- _AVAILABLE DATA_:
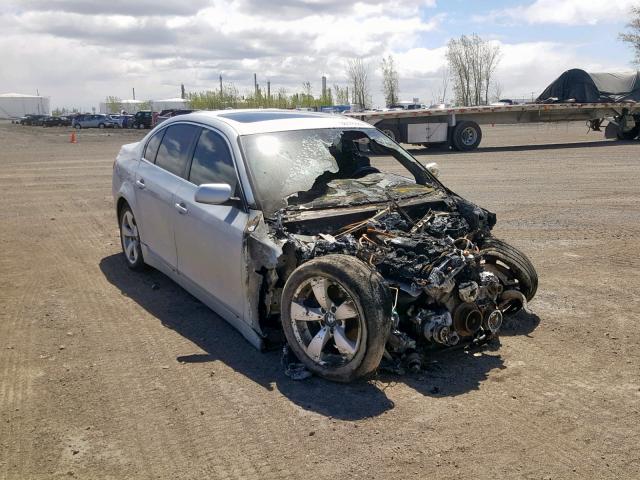 WBANA53525B864192 - 2005 BMW 525 I SILVER photo 1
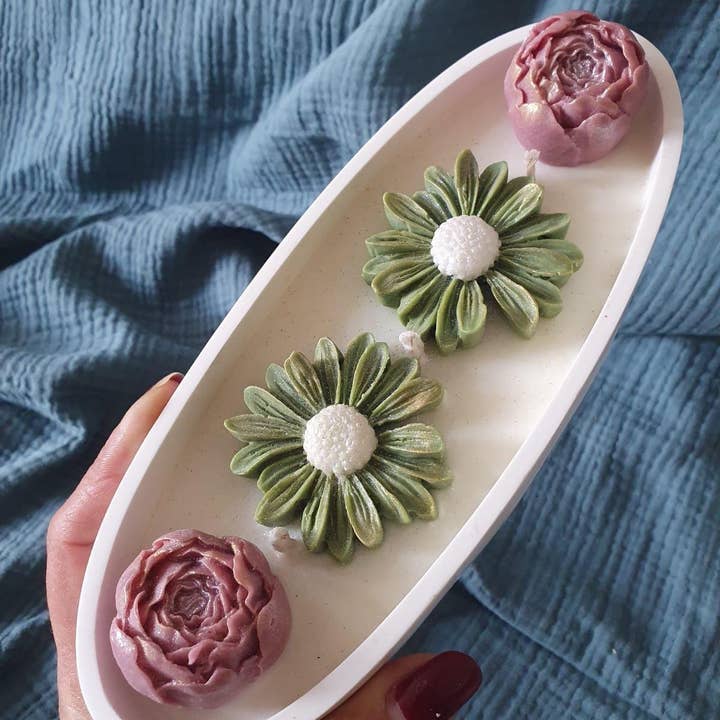 Vela de Soja Botánica Artesanal con Arte en Cera Floral para venta al por mayor de Eco Candle Lights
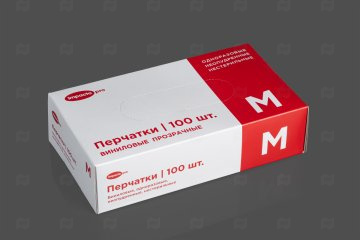 картинка Перчатки виниловые прозрачные M 100шт Impacto Pro Мир упаковки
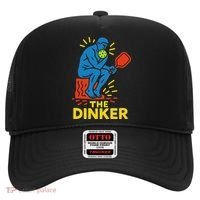 The Thinker By Auguste Rodin Contemplates Pickleball Hat thumb 0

- _EXERCISE_:
Omitting all pictures, retype exactly the lines from the line containing "Vela de Soja" down to the last line above, both ends included.

- _OUTPUT FOR THIS EXERCISE_:
 Vela de Soja Botánica Artesanal con Arte en Cera Floral para venta al por mayor de Eco Candle Lights
 картинка Перчатки виниловые прозрачные M 100шт Impacto Pro Мир упаковки
 The Thinker By Auguste Rodin Contemplates Pickleball Hat thumb 0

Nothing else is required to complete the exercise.